In order to solve the problems of unclear operator interface in the original operator library of the Paddle Fluid Framework, high cost of operator reuse, and poor scheduling performance, we refactored the operator library of the Paddle Framework, designed flexible and efficient functional paradigm.
The operator library PHI can implement new operators by combining calls to functional operator interfaces, which can greatly reduce the development cost of native operator and custom operator.
## 1. Background
> Introduce the problems to be solved in designing and building the PHI operator library
The PHI operator library project was initially launched to support the refactoring of the paddle dynamic graph architecture to reduce scheduling overhead and improve the reuse capability of OpKernel development. However, the subsequent decision to take this opportunity to establish an operator library that can be used in both training and inference scenarios (including server-side and mobile-side scenarios), reduce the cost of infrastructure development and operator maintenance in the paddle ecosystem in the long run, so we expanded the target scope of the project.
Specifically, the PHI operator library project carries the expectation to solve the following problems of Paddle.
### 1.1 Poor reusability between Op&OpKernel
Before version 2.3, the reusability between Operators (Op) in Paddle was relatively poor. Only in a few backward Ops, some simple Ops were reused by calling `SetType` in the `GradOpMaker` implementation. In most cases where the existing Op implementation can be reused, the code is rewritten by copy.
The root cause of poor reusability is the inflexibility of the original Op architecture design:
1. When an Op reuses the `Opkernel::Compute` method of another Op, an `ExecutionContext` needs to be constructed first, and the reuse method is relatively cumbersome
> It will be much more convenient if you can directly call the Kernel in the form of a function
2. Due to the overhead introduced by additional data structure construction and independent Op scheduling, from the perspective of computing performance, it is better to copy the calculation code directly when reusing Op, which leads us to gradually abandon the earlier principle of backward Op reusing forward Op, and began to implement Kernel separately for each backward Op, so that Paddle maintains a large number of backward OpKernel implementation codes internally.
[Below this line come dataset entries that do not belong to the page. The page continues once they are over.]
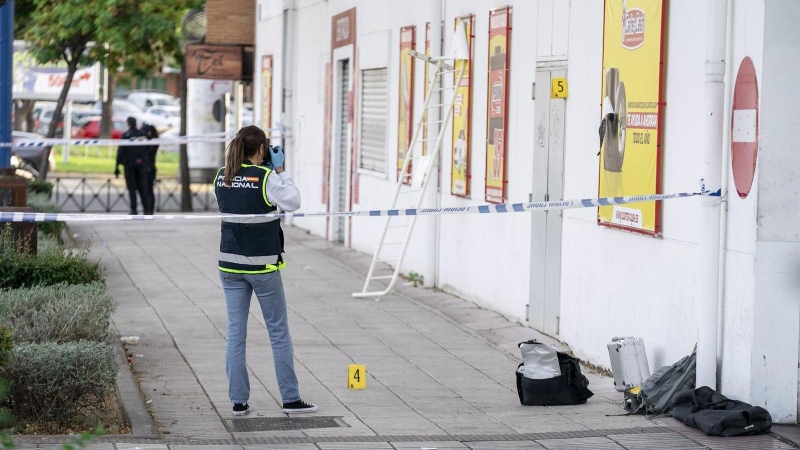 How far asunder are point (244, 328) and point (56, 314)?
4.50ft

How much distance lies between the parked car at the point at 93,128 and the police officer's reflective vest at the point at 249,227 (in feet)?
135

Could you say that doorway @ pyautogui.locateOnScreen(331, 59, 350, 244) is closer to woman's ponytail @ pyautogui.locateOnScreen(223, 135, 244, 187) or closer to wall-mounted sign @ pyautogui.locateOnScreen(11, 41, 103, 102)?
woman's ponytail @ pyautogui.locateOnScreen(223, 135, 244, 187)

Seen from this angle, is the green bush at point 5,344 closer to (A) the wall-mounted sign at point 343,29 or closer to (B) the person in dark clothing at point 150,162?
(A) the wall-mounted sign at point 343,29

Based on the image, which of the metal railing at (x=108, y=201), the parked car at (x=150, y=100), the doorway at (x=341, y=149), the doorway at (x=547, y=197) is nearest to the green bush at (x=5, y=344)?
the doorway at (x=547, y=197)


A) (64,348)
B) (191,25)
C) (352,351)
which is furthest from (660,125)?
(191,25)

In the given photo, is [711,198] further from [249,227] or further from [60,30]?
[60,30]

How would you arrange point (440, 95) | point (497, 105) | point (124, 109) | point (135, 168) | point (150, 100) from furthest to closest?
point (150, 100)
point (124, 109)
point (135, 168)
point (440, 95)
point (497, 105)

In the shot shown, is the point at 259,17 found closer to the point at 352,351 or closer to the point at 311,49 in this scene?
the point at 311,49

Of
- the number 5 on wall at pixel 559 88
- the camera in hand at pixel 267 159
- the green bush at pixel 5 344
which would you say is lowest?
the green bush at pixel 5 344

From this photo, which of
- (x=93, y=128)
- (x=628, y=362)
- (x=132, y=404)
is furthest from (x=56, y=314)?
(x=93, y=128)

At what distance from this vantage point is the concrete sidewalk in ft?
24.6

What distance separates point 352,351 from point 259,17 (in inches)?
603

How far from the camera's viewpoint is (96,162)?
136ft

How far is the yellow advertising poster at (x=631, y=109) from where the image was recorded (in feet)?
29.3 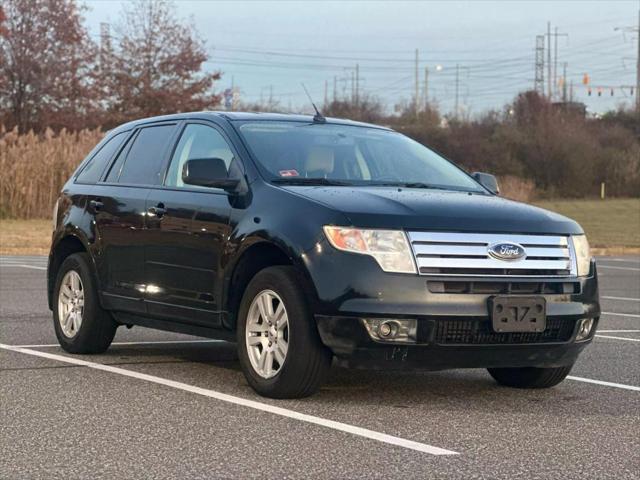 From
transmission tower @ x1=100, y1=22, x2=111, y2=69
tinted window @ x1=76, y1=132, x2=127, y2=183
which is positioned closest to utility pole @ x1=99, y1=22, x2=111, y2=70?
transmission tower @ x1=100, y1=22, x2=111, y2=69

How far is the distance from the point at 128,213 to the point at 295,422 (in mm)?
2797

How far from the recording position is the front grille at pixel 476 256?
277 inches

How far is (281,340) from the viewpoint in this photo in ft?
24.0

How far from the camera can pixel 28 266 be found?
1966cm

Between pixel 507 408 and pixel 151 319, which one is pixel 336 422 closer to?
pixel 507 408

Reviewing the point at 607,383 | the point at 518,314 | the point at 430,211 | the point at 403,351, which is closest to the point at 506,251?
the point at 518,314

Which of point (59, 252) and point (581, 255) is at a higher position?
point (581, 255)

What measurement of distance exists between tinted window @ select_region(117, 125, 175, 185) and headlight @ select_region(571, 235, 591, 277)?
296cm

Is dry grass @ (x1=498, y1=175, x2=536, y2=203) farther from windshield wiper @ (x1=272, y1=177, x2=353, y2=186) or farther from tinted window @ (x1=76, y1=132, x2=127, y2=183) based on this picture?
windshield wiper @ (x1=272, y1=177, x2=353, y2=186)

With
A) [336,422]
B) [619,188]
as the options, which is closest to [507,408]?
[336,422]

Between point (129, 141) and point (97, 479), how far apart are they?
4.65m

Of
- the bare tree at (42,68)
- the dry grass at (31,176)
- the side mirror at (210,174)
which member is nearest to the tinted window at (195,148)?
the side mirror at (210,174)

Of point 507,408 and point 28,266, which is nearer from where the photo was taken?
point 507,408

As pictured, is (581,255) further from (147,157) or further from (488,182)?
(147,157) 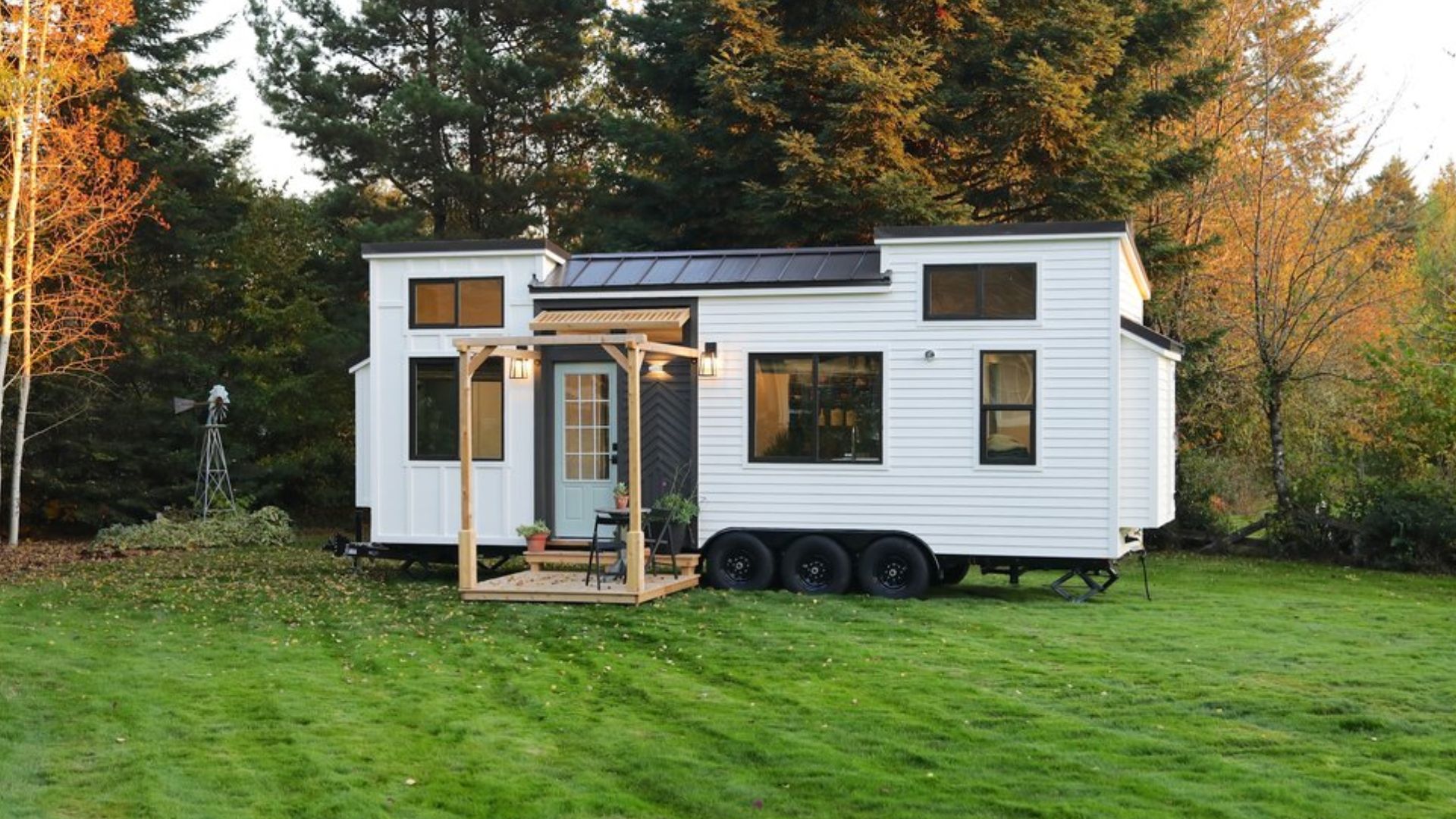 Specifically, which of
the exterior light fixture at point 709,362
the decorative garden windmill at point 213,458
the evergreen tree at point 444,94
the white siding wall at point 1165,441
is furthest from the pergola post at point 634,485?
the evergreen tree at point 444,94

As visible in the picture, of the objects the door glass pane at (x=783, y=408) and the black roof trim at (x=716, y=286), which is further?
the door glass pane at (x=783, y=408)

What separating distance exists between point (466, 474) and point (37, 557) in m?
7.82

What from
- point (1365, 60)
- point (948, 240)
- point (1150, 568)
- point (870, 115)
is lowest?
point (1150, 568)

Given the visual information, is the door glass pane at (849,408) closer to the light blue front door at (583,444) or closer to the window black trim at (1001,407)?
the window black trim at (1001,407)

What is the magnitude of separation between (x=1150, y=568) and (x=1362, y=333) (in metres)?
7.57

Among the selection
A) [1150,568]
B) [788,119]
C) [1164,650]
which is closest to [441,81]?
[788,119]

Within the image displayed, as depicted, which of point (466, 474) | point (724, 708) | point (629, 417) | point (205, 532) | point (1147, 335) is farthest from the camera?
point (205, 532)

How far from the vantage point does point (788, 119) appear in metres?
18.2

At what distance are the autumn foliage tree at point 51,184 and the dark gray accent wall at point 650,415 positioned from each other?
25.0ft

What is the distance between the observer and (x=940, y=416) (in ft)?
39.4

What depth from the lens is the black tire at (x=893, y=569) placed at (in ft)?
39.4

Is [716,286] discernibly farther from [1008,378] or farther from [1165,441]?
[1165,441]

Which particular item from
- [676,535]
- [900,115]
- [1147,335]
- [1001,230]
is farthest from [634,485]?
[900,115]

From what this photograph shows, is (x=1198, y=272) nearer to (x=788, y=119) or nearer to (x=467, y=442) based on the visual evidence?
(x=788, y=119) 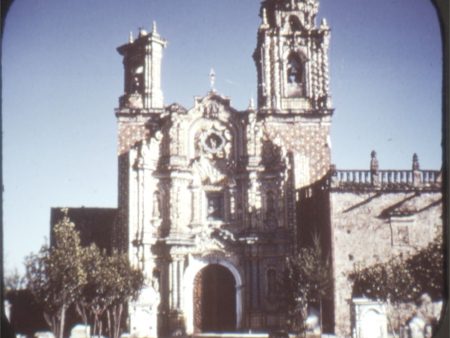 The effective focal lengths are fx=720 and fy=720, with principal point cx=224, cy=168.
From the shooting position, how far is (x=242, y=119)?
1984 cm

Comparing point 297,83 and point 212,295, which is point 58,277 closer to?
point 212,295

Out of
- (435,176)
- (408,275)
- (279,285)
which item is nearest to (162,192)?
(279,285)

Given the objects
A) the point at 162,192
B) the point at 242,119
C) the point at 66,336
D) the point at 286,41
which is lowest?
the point at 66,336

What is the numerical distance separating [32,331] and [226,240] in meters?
5.87

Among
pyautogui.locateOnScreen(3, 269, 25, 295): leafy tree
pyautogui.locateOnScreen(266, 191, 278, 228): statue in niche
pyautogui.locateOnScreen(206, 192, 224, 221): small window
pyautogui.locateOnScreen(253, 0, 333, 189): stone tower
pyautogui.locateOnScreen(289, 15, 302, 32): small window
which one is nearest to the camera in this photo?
pyautogui.locateOnScreen(3, 269, 25, 295): leafy tree

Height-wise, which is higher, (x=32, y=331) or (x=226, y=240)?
(x=226, y=240)

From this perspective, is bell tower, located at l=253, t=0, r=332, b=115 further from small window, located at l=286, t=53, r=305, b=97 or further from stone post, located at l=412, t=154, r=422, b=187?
stone post, located at l=412, t=154, r=422, b=187

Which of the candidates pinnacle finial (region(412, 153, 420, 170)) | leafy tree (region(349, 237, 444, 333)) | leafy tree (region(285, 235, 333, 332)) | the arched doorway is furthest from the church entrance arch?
pinnacle finial (region(412, 153, 420, 170))

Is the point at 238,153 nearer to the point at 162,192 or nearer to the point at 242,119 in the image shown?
the point at 242,119

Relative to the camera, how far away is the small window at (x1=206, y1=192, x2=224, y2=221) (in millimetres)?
19812

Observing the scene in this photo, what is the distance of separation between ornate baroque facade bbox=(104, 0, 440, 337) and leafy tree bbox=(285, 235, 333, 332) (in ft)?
5.33

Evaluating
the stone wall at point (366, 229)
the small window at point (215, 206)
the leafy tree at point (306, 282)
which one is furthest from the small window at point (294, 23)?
the leafy tree at point (306, 282)

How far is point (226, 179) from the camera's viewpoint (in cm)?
1975

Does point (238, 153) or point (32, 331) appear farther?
point (238, 153) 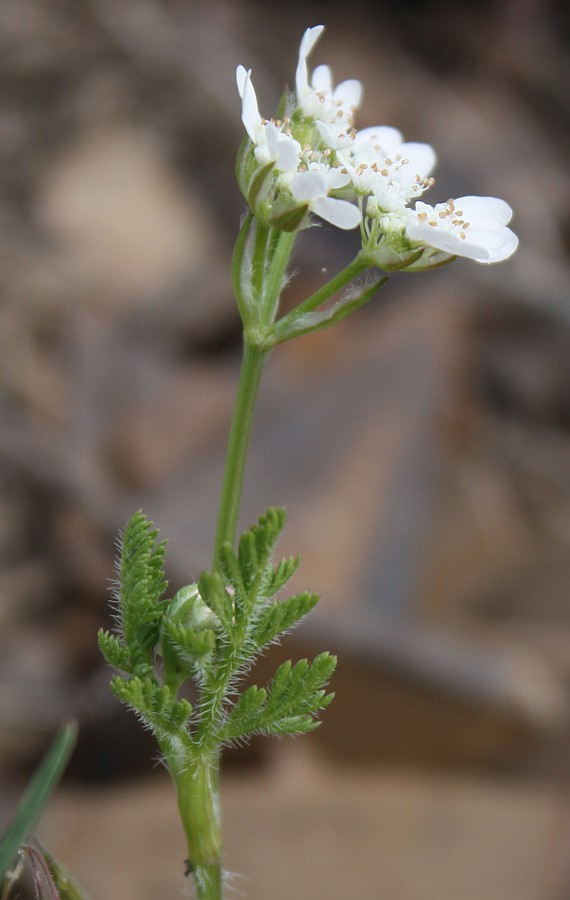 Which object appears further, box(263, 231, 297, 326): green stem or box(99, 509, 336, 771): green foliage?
box(263, 231, 297, 326): green stem

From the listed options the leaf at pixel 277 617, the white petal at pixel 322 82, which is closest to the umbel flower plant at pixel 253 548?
the leaf at pixel 277 617

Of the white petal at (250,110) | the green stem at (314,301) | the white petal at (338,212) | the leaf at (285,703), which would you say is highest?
the white petal at (250,110)

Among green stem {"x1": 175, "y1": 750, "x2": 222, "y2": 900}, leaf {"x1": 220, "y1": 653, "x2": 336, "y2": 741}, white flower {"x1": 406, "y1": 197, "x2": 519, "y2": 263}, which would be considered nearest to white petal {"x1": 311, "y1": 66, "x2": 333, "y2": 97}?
white flower {"x1": 406, "y1": 197, "x2": 519, "y2": 263}

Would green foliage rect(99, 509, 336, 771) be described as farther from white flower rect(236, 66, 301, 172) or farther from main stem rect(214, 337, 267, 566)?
white flower rect(236, 66, 301, 172)

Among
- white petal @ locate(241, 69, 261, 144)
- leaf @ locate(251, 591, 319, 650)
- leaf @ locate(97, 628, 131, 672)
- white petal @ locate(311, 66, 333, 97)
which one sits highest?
white petal @ locate(311, 66, 333, 97)

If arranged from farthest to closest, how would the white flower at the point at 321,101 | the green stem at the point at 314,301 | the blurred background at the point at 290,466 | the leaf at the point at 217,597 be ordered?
the blurred background at the point at 290,466
the white flower at the point at 321,101
the green stem at the point at 314,301
the leaf at the point at 217,597

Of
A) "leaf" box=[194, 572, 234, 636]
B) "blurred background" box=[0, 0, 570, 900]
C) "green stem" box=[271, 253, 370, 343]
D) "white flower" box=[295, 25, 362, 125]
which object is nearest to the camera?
"leaf" box=[194, 572, 234, 636]

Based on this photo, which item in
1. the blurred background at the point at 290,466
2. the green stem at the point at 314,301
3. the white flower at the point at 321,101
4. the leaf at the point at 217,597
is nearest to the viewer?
the leaf at the point at 217,597

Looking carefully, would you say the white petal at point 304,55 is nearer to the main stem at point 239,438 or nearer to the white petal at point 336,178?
the white petal at point 336,178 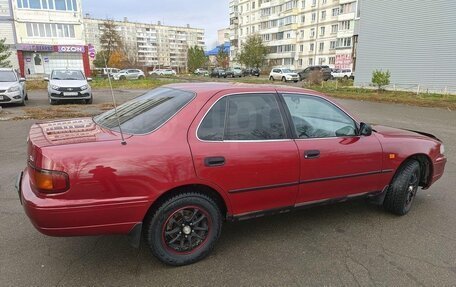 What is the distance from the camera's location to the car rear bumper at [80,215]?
2.54 meters

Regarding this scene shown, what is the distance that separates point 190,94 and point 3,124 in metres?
9.11

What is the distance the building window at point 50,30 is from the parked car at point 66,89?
1135 inches

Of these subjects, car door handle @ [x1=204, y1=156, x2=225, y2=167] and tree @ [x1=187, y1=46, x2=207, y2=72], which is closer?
car door handle @ [x1=204, y1=156, x2=225, y2=167]

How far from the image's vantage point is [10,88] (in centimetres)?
1322

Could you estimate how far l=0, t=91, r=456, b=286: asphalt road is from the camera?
284 cm

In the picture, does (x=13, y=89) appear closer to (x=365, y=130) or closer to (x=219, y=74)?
(x=365, y=130)

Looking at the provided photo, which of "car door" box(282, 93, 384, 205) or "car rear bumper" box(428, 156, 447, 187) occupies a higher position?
"car door" box(282, 93, 384, 205)

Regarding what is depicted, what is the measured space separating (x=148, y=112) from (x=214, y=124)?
26.3 inches

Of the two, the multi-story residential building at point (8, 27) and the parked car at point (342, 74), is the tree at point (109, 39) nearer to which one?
the multi-story residential building at point (8, 27)

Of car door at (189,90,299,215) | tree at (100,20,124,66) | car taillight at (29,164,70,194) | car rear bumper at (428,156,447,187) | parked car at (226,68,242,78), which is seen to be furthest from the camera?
tree at (100,20,124,66)

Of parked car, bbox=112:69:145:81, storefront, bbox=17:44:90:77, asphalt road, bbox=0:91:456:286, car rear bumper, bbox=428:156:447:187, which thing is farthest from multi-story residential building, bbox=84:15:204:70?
asphalt road, bbox=0:91:456:286

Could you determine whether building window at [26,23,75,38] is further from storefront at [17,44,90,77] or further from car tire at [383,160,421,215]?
car tire at [383,160,421,215]

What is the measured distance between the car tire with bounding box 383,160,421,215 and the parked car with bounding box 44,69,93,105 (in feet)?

> Only when the overhead of reusing Ops is small enough, reusing existing Ops to implement new Ops can be widely promoted
### 1.2 Conciseness and fine-grained execution scheduling
#### 1.2.1 Dynamic graph
After the release of Paddle 2.0, it has received many feedbacks from internal and external users that the performance of the dynamic graph is several times lower than that of competing products in the execution scenario of small model on CPU.
The main reason for this problem is: the execution path of the C++ side of the Paddle dynamic graph is relatively long and the scheduling overhead is relatively heavy, which is related to the early design of the dynamic graph which is compatible with the static graph and inherits many object construction processes of the static graph Op.
Therefore, the dynamic graph needs to be upgraded to a function-based scheduling architecture, and this problem can be solved by abandoning the original complex Op architecture, which depends on the OpKernel being changed to a functional writing method.
#### 1.2.2 Static image + IR
Our current static graph mode are not "static" enough. At present, static graph mode still have a lot of logic for dynamic selection at runtime, for example, selecting OpKernel at runtime, judging whether to copy data across devices at runtime, etc.. However, these can actually be determined during the compilation of the static graph mode network, and the execution process is determined as a series of OpKernel executions, and no dynamic judgment selection is made, thereby further improving the execution efficiency.
And these rely on the fine-grained OpKernel itself, decoupling the existing complex large OpKernel into small Kernels for specific scenarios and specific devices.
### 1.3 Ease of use improvement requirements for custom operators
The new custom C++ external operator paradigm released in early 2021 has a relatively intuitive usage at the level of interface and function writing, but because we lack the C++ APIs for basic operations, in fact, when implementing specific custom Op operation logic, such as basic addition, subtraction, multiplication and division and matrix operations, still need to be reimplemented again, and Paddle's existing and optimized basic operations cannot be reused, development costs are still relatively high. In order to reuse the basic operations inside Paddle, the Op paradigm must be upgraded to functional paradigm, and build the corresponding C++ API system.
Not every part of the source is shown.